WHAT YOU WILL DO: Start at the line below containing "Gum-Disease" and stop at the line containing "Immunohistochemistry of paraffin-embedded". Repeat every line of that stretch exactly, and nothing outside it.

THE DATA:

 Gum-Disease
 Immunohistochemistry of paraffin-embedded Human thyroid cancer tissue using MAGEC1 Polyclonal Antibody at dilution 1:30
---
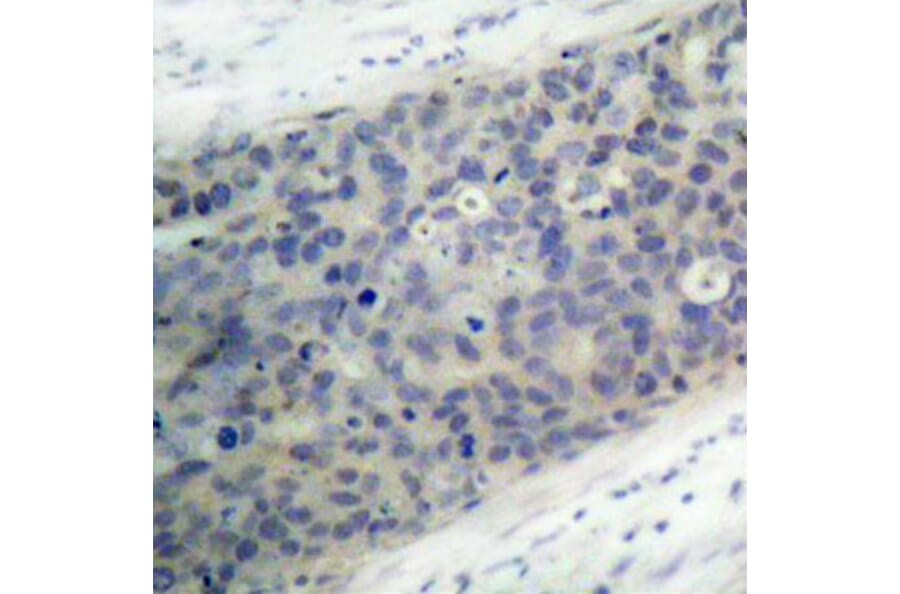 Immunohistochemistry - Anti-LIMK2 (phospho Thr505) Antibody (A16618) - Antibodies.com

THE COMPLETED TASK:
 Gum-Disease
 Immunohistochemistry of paraffin-embedded Human thyroid cancer tissue using MAGEC1 Polyclonal Antibody at dilution 1:30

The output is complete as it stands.